Osip Mandelstam


Two translations by Clarence Brown and W.S. Merwin


What shall I do with myself, now it's January?
The gaping city staggers and clings.
I think it's the locked doors that have made me drunk.
I could howl out of every lock and paper-clip.

The stocking-lanes barking,
knitted streets of junk-rooms, idiots ducking into corners
to jump out of them-
In the pit, in the warty darkness,
I'm slipping toward the frozen pump-house.
I fall over my feet. I swallow dead air.
A fever of crows explodes.

And after that, there I am, gasping,
drumming on an icy wooden tub:
'Somebody read me! Somebody lead me! Somebody heal me!
Somebody say something on the jagged stairs !'

Voronezh. January-February I937


Where can I put myself this January?
The city, exposed, is extravagantly stubborn . . .
Am I drunk on doors that lock me out?
The catches and fastenings make me want to roar.

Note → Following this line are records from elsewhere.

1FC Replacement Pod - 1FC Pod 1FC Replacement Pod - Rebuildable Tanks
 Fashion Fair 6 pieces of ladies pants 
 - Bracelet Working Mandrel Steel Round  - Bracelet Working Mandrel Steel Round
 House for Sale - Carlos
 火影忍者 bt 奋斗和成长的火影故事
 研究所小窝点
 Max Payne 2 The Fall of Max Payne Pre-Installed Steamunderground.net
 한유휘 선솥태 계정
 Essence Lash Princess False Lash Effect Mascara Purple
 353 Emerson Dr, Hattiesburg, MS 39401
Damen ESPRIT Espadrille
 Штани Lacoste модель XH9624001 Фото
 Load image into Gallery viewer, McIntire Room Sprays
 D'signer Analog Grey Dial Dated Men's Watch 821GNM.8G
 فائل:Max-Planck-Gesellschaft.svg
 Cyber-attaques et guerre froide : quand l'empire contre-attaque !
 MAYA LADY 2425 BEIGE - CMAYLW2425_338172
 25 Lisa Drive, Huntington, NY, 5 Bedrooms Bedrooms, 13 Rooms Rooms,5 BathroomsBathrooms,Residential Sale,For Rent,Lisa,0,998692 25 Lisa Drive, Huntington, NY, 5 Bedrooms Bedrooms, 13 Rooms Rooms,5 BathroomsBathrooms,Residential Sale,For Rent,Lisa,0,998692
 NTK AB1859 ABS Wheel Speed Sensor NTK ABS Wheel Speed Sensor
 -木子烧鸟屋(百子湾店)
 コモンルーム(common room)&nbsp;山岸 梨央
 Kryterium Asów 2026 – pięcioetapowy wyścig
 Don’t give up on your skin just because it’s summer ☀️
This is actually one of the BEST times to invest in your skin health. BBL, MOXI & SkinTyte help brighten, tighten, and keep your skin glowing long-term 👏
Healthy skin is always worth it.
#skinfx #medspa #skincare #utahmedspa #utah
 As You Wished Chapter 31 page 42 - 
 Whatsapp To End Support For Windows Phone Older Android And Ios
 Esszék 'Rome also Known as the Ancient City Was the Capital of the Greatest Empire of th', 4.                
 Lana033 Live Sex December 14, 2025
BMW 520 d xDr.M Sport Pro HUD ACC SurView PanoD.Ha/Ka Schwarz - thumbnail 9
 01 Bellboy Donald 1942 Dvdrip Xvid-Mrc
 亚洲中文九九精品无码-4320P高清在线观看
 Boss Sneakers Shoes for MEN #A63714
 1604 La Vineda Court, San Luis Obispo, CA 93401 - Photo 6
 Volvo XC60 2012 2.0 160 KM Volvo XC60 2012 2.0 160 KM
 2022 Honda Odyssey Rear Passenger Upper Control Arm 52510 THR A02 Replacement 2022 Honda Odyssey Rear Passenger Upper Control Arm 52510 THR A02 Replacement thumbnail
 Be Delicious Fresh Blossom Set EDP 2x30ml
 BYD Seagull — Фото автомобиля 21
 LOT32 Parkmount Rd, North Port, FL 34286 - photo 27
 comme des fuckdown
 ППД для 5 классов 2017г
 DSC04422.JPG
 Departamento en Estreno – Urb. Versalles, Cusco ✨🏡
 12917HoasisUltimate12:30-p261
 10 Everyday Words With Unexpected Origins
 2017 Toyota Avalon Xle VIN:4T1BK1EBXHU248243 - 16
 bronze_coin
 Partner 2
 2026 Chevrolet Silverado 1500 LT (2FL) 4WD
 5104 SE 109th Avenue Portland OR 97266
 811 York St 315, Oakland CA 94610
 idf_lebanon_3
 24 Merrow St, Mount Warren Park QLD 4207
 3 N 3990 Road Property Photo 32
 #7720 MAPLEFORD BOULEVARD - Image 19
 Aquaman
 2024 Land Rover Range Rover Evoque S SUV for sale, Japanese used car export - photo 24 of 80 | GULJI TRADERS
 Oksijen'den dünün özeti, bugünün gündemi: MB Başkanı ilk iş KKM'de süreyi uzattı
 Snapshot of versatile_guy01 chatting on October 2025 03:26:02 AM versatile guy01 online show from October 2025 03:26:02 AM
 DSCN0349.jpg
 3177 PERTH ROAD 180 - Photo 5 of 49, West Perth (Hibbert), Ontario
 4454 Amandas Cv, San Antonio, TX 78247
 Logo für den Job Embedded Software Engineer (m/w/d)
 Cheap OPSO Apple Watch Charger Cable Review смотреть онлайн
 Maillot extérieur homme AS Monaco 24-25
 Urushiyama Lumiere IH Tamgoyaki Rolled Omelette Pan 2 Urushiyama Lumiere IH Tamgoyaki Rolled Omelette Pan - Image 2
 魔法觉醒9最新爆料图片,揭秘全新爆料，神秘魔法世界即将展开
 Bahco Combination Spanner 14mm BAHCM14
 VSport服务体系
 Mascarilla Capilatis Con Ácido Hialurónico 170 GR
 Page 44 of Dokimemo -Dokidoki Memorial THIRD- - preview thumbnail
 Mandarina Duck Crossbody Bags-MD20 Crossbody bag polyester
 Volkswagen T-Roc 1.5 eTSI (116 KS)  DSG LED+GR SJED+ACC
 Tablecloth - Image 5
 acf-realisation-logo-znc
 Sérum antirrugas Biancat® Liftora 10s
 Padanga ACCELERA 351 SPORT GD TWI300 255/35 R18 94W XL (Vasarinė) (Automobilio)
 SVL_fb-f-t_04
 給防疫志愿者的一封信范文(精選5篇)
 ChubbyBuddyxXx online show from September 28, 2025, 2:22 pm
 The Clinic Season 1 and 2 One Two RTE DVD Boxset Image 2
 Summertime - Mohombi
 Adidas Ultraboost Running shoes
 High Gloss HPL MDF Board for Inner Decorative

And yapping alleys stretched like stockings,
Streets tangled as an attic,
And cornered creatures crawling into corners
And scuttling out on the sly.

And I slither into a pit, into the calloused dark,
Towards the iced-up pump-house,
And, stumbling, munch dead air,
And the feverish rooks rise up.

And I gasp after them, hammering
On some frozen wood-pile:
Just a reader, someone to speak with, a doctor!
A conversation on the twisted stairs!